Innovation doesn’t fail only because features are weak; it fails because switching is hard. Buyers anchor on what they already use, sellers overweight what they’ve just built, and organizations often respond by piling on more features—raising cognitive cost and delaying value. A practical path forward is to design not just a better product, but a better transition. The following three lenses—balancing change with adoption, countering loss aversion, and preventing feature creep—offer a formal, field-tested way to ship progress without creating resistance.
1) Balancing innovation with buyer resistance:
Product managers should pursue a design principle of “change the product a lot; change the user a little.” In practice, that means preserving familiar workflows, nomenclature, and muscle memory while upgrading underlying capabilities, so perceived switching costs remain low even as value rises. Rollouts should be sequenced—pilot with receptive segments, convert wins into references, then expand—while pricing and packaging the switch itself. This approach aligns with Gourville’s distinction between “smash hits” (large value, minimal behavior change) and “long hauls” (value that requires habit change): when behavior change is unavoidable, PMs must plan for slower adoption, heavier enablement, and success metrics that emphasize usage and outcomes over launch theatrics.

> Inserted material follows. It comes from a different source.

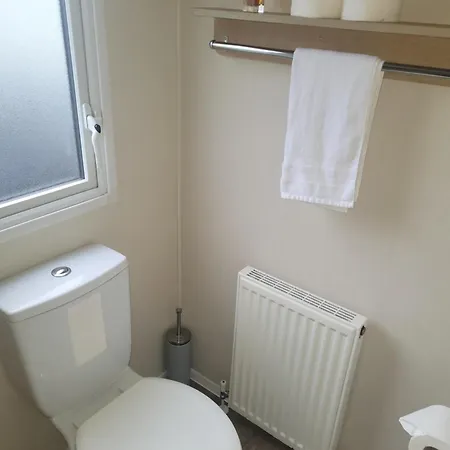 Cozy Caravan Near * Edimburgo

2) Loss aversion’s role, and how to counter it.
Buyers evaluate innovations relative to the status quo, over-weighting potential losses versus equivalent gains (endowment effect, status-quo bias). Gourville notes a structural gap: users typically require multiple times more perceived value to give up what they “own,” while innovators overvalue what they built—together creating a steep psychological hurdle. PMs can leverage this by:
(a) shrinking perceived losses: preserving shortcuts, importing data, maintaining legacy views during transition
(b) amplifying salient gains: expressing benefits in the buyer’s units (time saved, error reduction, revenue lift) and aiming for order-of-magnitude improvements when workflow change is required
(c) segmenting for the un-endowed: starting with new teams or use cases where the incumbent has less hold
(d) budgeting time: treating habit-changing products as deliberate “long hauls” rather than quick wins
3) Feature creep: risks and safeguards. Feature creep often reflects the same cognitive asymmetry in reverse: teams overweight the “gain” of one more capability while underweighting the user’s loss of clarity and flow. Its costs include diluted value propositions, higher cognitive load, slower time-to-value, and maintenance drag that crowds out genuinely differentiating work. PMs can avoid this trap while still addressing eager sellers’ demands by instituting
(a) JTBD-based admission criteria—every addition must relieve a defined customer “loss” or amplify a validated “gain” for a target segment
(b) adoption-weighted portfolio governance—prioritize by value delivered versus behavior change required, explicitly sunsetting low-adoption items
(c) time-boxed bets with clear exit rules (kill-switch culture)
(d) release discipline—one headliner per release with supporting enhancements, rather than bundles of medium features that raise cognitive cost.
These safeguards honor legitimate sales input while protecting coherence and adoption.